In the data below, find each line that contains the word "Color" and copy it.

The data START

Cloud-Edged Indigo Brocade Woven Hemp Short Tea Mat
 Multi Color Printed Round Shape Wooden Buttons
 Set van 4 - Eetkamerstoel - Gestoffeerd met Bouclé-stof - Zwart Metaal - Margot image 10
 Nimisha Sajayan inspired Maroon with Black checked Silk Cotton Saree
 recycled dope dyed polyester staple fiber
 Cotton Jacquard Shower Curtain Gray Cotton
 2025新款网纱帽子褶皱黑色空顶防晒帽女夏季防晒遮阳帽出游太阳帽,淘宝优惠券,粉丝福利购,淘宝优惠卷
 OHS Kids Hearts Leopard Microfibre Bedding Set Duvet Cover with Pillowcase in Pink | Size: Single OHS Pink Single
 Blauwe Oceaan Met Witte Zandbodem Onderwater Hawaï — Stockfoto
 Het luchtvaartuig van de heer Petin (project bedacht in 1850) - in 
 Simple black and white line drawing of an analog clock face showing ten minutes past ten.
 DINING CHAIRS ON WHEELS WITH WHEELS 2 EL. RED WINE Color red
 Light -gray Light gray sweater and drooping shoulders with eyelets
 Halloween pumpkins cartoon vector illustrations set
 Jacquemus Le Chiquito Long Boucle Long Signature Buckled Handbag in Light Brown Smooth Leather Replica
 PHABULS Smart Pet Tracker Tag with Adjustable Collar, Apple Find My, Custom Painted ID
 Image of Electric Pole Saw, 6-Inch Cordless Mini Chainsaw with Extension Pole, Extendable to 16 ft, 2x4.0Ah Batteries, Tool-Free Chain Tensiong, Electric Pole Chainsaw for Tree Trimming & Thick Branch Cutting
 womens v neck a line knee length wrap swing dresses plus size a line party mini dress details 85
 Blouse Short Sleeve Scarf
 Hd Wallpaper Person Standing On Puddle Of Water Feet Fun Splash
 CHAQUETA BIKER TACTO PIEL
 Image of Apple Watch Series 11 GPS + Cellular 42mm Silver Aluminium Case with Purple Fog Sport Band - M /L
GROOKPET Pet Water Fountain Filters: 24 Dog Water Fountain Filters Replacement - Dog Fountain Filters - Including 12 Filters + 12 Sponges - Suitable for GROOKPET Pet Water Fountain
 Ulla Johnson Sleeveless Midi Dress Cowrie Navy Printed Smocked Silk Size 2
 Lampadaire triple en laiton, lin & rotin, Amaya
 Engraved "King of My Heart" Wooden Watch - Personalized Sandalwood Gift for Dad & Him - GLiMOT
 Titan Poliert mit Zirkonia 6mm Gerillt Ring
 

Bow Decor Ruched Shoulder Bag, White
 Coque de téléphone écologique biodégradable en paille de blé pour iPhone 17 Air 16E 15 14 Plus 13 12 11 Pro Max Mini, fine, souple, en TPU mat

The data END

[Answer to this problem]
 Multi Color Printed Round Shape Wooden Buttons
 DINING CHAIRS ON WHEELS WITH WHEELS 2 EL. RED WINE Color red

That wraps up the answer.